There are a few rules for database normalization. Each rule is called a "normal form." If the first rule is observed, the database is said to be in "first normal form." If the first three rules are observed, the database is considered to be in "third normal form." Although other levels of normalization are possible, third normal form is considered the highest level necessary for most applications.

As with many formal rules and specifications, real world scenarios don't always allow for perfect compliance. In general, normalization requires additional tables.

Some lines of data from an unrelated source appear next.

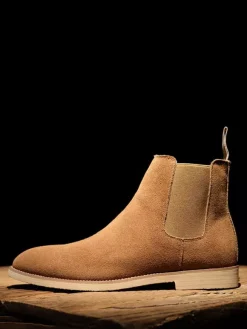 Chelsea Boots For Men Elastic Bandage Suede Leather Casual Shoes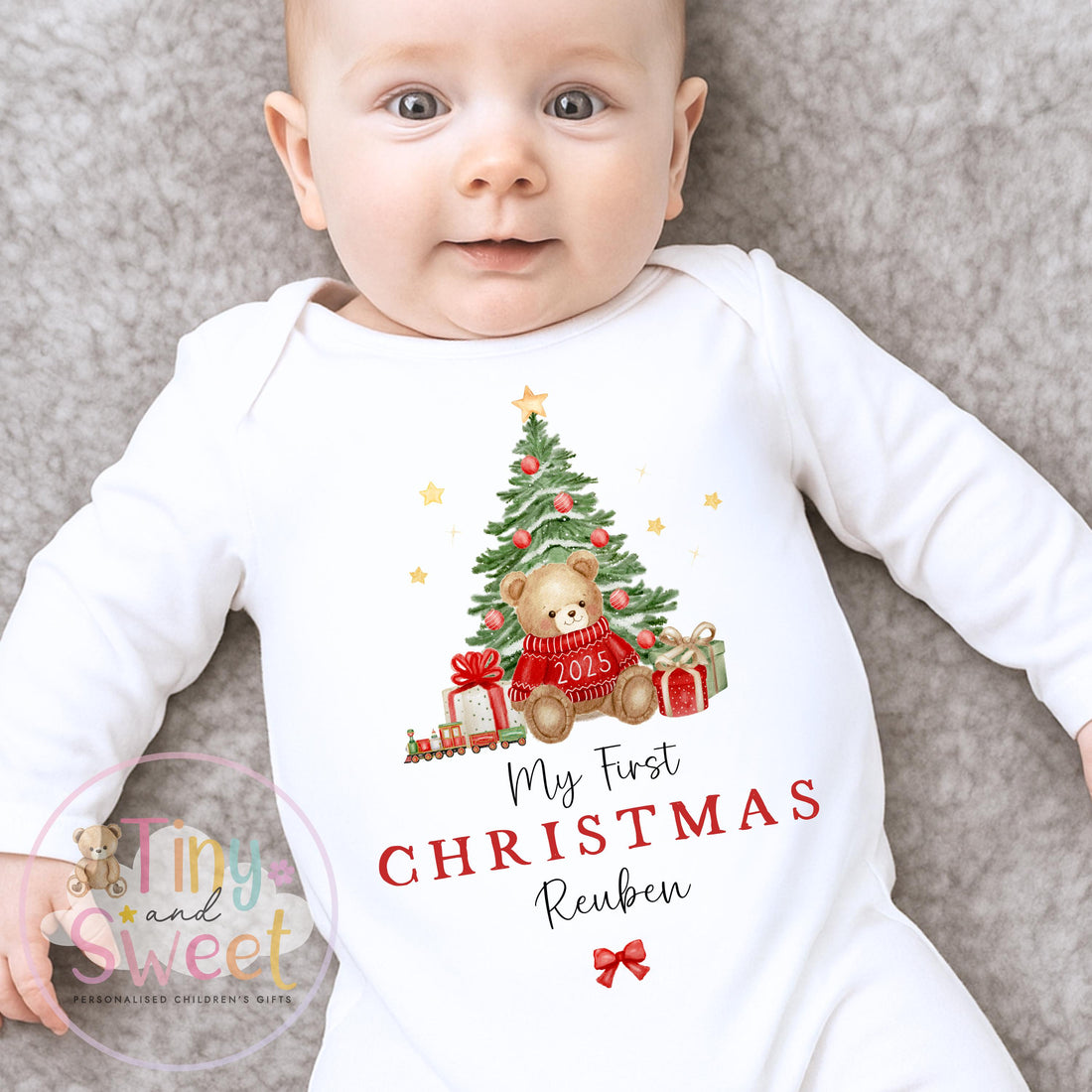 Personalised First Christmas Teddy Bear Baby Grow , My First Christmas, Custom Name Sleepsuit, Baby’s First Christmas, Xmas Baby Outfit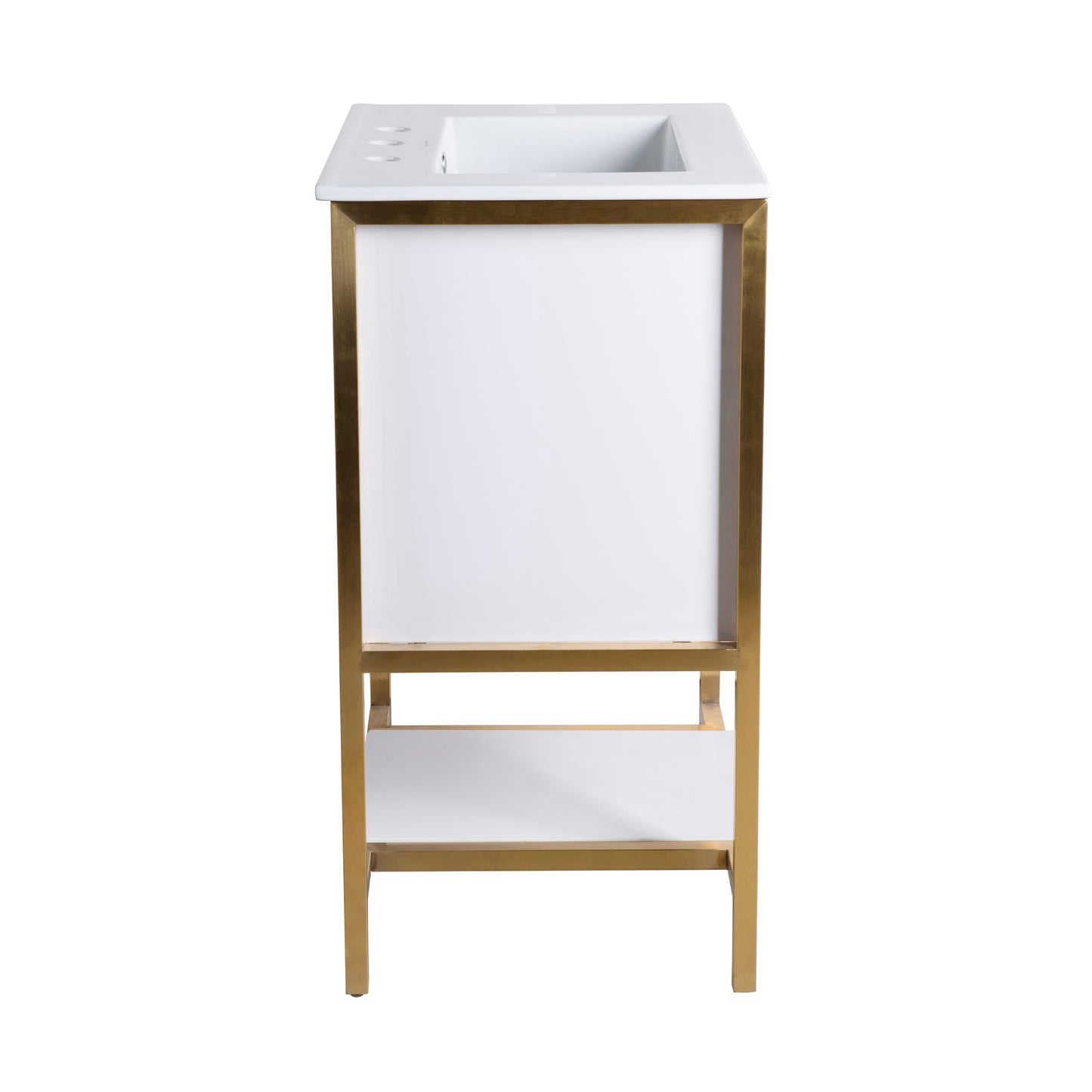Swiss Madison, Marseille 24 in. White Bathroom Vanity With White, 3-Hole Ceramic Sink Top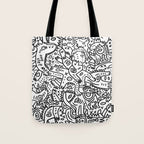 One Step Ahead Black and White Graffiti Street Art Tote Bag Gallery Image 1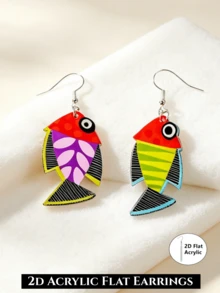 2D Flat Tropical Fish Pendant Earrings, INS Style Design, Suitable For Daily Wear And Holiday Parties, Vacation Earrings, Ideal Gift - Fish - View 1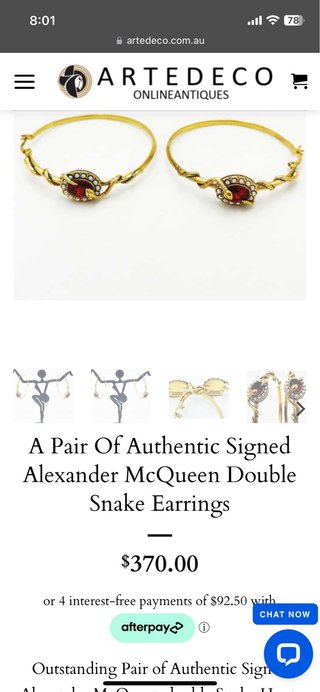Pendientes aro Alexander McQueen oro y rubí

Following are the various types of Normal forms:

normalization

First Normal Form (1NF)

The rules for first normal form are:

  • Using row order to convey information is not permitted (e.g. order by age of users)
  • Mixing data types within the same column is not permitted
  • Having a table without a primary key is not permitted
  • Repeating groups are not permitted (e.g. one column containing all items a player has in the inventory)

Second Normal Form (2NF)

For the second normal form to be satisfied, a table must be in 1NF and each non-key attribute must depend on the entire primary key.

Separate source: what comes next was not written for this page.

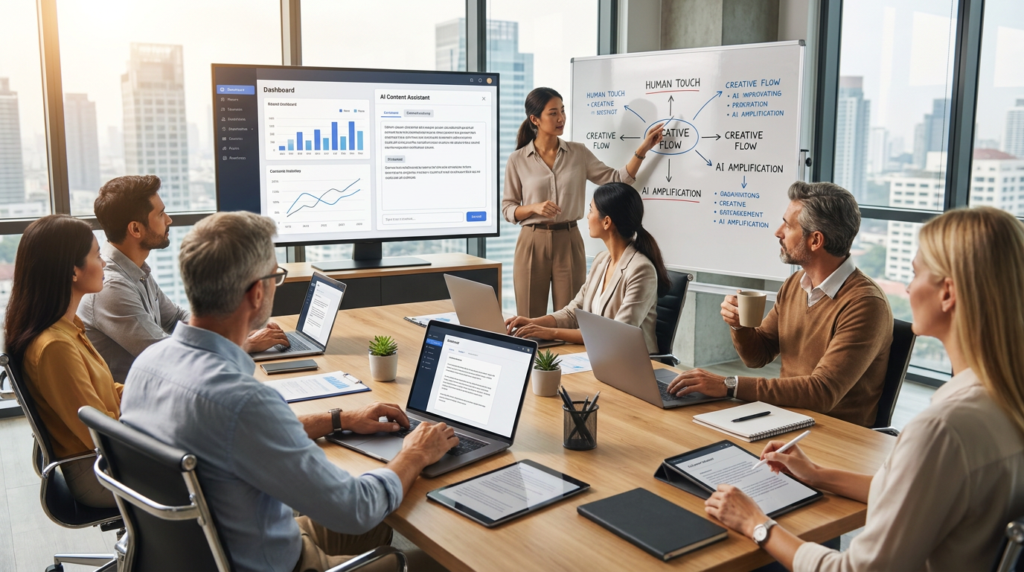 a group of professionals engaging in ai content creation training around a conference table.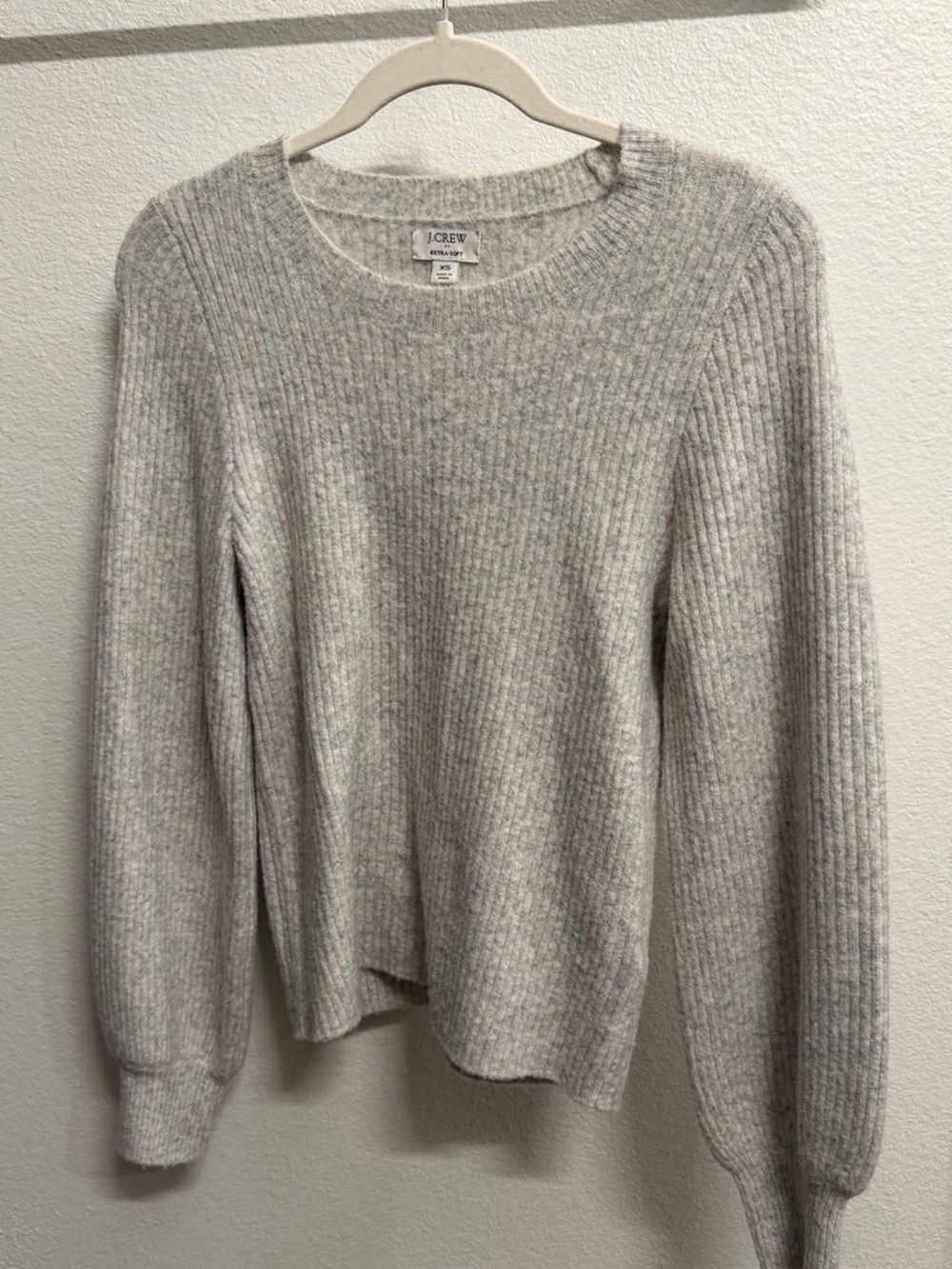 J. Crew Light Gray Ribbed Crewneck Sweater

  • Example 1: { Player_ID, Item_Type } -> { Item_Quantity }
    • The item quantity depends on both the player ID and the item type, so this is a valid dependency
  • Example 2: { Player_ID, Item_Type } -> { Player_Rating }
    • The player rating only depends on the player ID, not the item type - so this is not a valid dependency

Example

2NF

Third Normal Form (3NF)

For the third normal form to be satisfied, a table must be in 2NF and every non-key attribute must depend on the primary key, the whole key, and nothing but the key. This means there can't be any transitive dependencies. So there shouldn't exist any dependencies like:

  • { Player_ID } -> { Player_Skill_Level } -> { Player_Rating }

Boyce-Codd Normal Form

A slightly stronger version of 3NF is called Boyce-Codd Normal Form (BCNF). For the BCNF to be satisfied, every attribute in a table should depend on the key, the whole key, and nothing but the key. In real-world applications, it is really rare to ever encounter a table that is in 3NF but not BCNF (only tables with multiple overlapping candidate keys can be in 3NF and not BCNF).

Example

3NF

Fourth Normal Form (4NF)

For the fourth normal form to be satisfied, a table must be in 3NF and multivalued dependencies in the table must be multivalued dependencies on the key.

Example

4NF

Fifth Normal Form (5NF)

For the fifth normal form to be satisfied, a table must be in 4NF and the table can't be describable as the logical result of joining some other tables together.

Example

This design can be joined together from the other tables:

5NF_1

This design can't be joined together from the other tables and is therefore in 5NF:

5NF_2

Rules of Thumb

  1. Every table should always have a unique identifier (primary key)
  2. 90% of the time, that unique identifier will be a single column named id
  3. Avoid duplicate data
  4. Avoid storing data that is completely dependent on other data. Instead, compute it on the fly when you need it.
  5. Keep your schema as simple as you can. Optimize for a normalized database first. Only denormalize for speed's sake when you start to run into performance problems.